I wrote about microservices and micro-UIs the other day and that got me thinking about another value in microservices; as a single source of truth. In this case the same can be said of shared classes & functions. This is an argument against code duplication.
Let’s say for example, and I’m currently seeing this in the terrible app I’m rebuilding, you have 2 functions/pages/scripts that deal with emails. In the first case the email text string is lower case, must contain the @ sign, must contain a ‘.’ after the @ sign, etc. In the second case the email text string must contain the @ sign, must contain a ‘.’ after the @ sign, etc. If you read that carefully, in the first case the email is set to lowercase but not in the second case. I intentionally made it a bit confusing to highlight the problem with duplicate code.
So building on our example above we have emails handled in these two places. Because they each handle emails in slightly different ways you cannot be absolutely certain “email” will always be the exact same no matter the minor differences the user enters or pastes into the UI.

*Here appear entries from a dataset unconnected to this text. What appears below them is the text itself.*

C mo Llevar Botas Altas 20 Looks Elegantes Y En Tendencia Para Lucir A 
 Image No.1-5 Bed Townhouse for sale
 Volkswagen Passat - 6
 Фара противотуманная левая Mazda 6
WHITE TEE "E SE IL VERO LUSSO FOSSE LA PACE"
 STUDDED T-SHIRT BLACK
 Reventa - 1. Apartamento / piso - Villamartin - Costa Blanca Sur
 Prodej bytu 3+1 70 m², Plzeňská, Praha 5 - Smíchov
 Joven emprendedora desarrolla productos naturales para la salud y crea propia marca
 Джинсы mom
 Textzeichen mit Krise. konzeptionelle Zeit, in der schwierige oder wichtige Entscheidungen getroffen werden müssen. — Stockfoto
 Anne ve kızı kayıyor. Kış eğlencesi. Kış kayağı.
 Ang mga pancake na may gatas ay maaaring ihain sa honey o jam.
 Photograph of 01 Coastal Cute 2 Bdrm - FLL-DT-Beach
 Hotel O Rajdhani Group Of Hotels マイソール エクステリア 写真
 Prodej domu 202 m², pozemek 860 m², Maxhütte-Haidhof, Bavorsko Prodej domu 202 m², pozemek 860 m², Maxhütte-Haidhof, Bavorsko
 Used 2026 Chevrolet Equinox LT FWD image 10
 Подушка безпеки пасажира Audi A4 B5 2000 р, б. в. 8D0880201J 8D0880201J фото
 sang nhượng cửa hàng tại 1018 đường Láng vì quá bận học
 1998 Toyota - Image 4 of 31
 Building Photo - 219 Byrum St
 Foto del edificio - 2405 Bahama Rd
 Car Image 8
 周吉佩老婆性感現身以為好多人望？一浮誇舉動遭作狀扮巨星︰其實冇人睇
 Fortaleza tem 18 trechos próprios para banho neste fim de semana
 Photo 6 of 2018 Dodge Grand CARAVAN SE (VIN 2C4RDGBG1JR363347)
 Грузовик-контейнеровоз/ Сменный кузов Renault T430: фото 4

You may have heard the term “single source of truth” in terms of data. That means you have a single place that is always assumed to be correct for any given piece of data. the “income” data may be in an accounting database while the “Google Analytics” data might be in the web database. So long as you always know “if I want correct income I go to the accounting DB, if I want correct analytics data I go to the web database”.
Now let’s apply that to microservices and functions. If I want a sanitized, validated email I always go to… From our example above we have 2 places to go to that turns out 2 different data formats. What we really want is “every time I want a sanitized email I go to SANITIZE_CLASS->email(), every time I want to validate an email I go to VALIDATE_CLASS->email()”. Do this means you only have 1 piece of code sanitizing/valildating emails and no matter where the email came from and how it was entered it’ll always come out of these functions looking the exact same.
In the case of the app I’m rebuilding at the moment, it doesn’t set emails to lowercase, so a user could have an account under “User@domain,com” and an account under “user@domain,com”. The account/user data loaded depends on which email the user entered in the login process. I haven’t wasted the time looking but I bet there’s more code handling emails and it’s even possible that data changed under the “User” account would impact the other “user” account.
Bottom line, anything touching or storing data should only ever be written once and should always be precisely consistent.
A classic, real-world example of this is URLs. Take the URLs google.com and GOOGLE.COM, they both resolve to the same place. BUT, these URLs do not resolve to the same place: https://www.google.com/search?q=lakebed.io versus https://www.google.com/search?Q=lakebed.io. Do you see the difference? “q” versus “Q” is enough to break Google.
I know I personally always use the PHP function array_change_key_case(), which sets all keys in an array (_GET and _POST for example) to lower case.